Task to carry out:
The number of lines below containing the word "there" is all that should be returned.

Dataset entries:
● ● ● ● ● ● ●

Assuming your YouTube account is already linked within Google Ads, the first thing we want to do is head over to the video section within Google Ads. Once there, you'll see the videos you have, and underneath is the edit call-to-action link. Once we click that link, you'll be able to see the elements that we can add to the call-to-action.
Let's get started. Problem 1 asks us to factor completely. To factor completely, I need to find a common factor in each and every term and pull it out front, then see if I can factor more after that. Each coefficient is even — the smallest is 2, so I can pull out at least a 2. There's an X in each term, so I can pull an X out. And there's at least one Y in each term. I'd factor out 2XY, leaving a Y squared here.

● ● ● ● ● ● ●

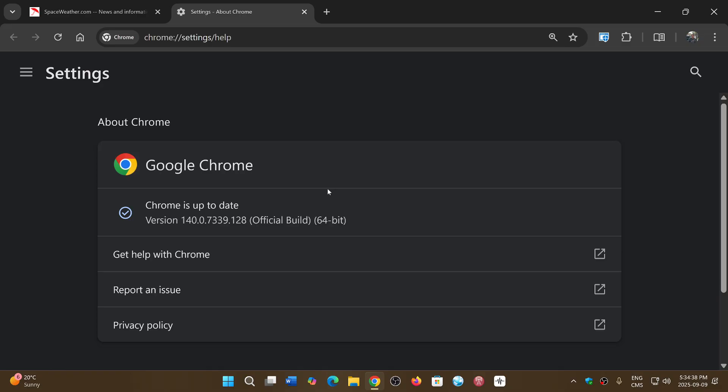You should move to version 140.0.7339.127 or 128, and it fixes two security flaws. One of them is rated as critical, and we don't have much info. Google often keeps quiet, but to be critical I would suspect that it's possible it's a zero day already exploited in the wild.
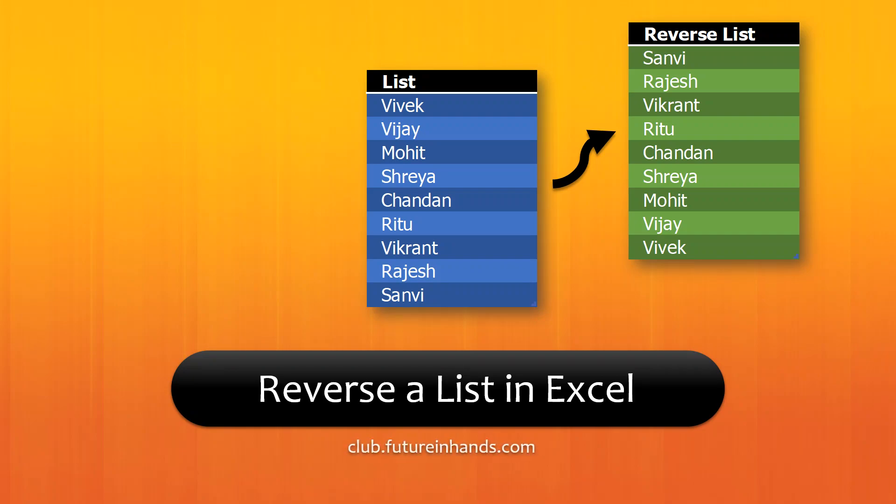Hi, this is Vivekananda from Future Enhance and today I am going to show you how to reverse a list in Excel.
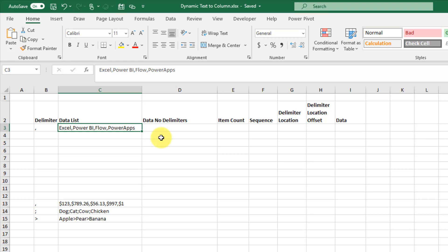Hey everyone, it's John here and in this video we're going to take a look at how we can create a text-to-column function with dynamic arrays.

● ● ● ● ● ● ●

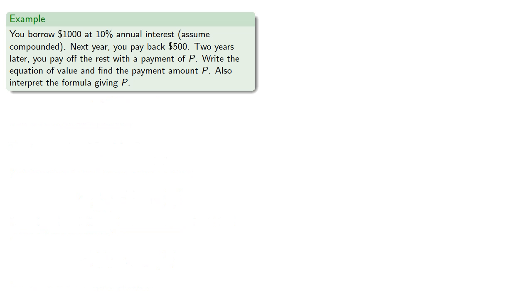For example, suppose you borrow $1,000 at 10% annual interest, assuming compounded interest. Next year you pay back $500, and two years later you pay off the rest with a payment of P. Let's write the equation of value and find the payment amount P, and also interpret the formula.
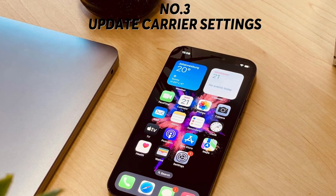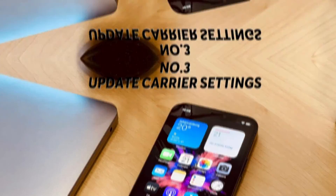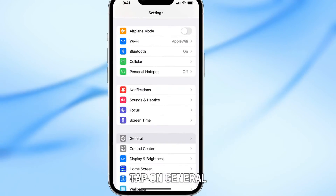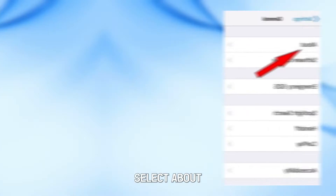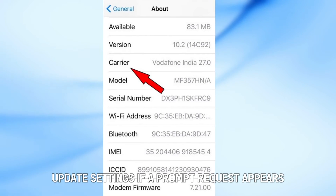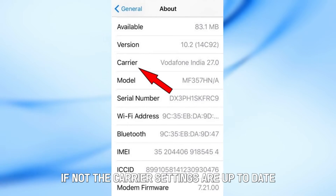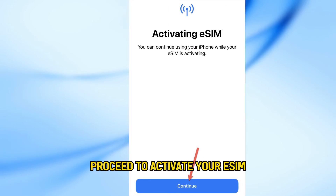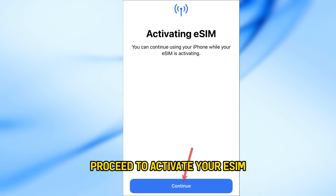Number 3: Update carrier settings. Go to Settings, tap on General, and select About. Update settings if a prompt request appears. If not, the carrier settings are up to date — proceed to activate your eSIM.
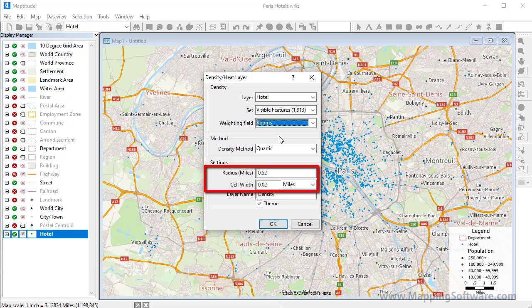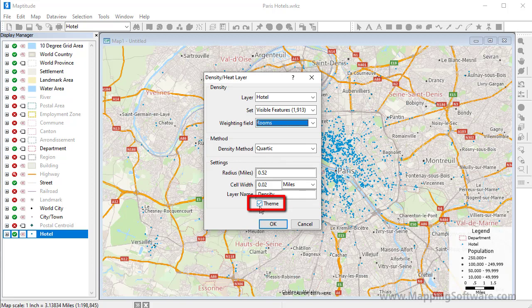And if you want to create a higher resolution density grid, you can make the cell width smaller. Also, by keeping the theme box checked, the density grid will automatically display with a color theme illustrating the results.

● ● ● ● ● ● ●

Output of the exercise:
2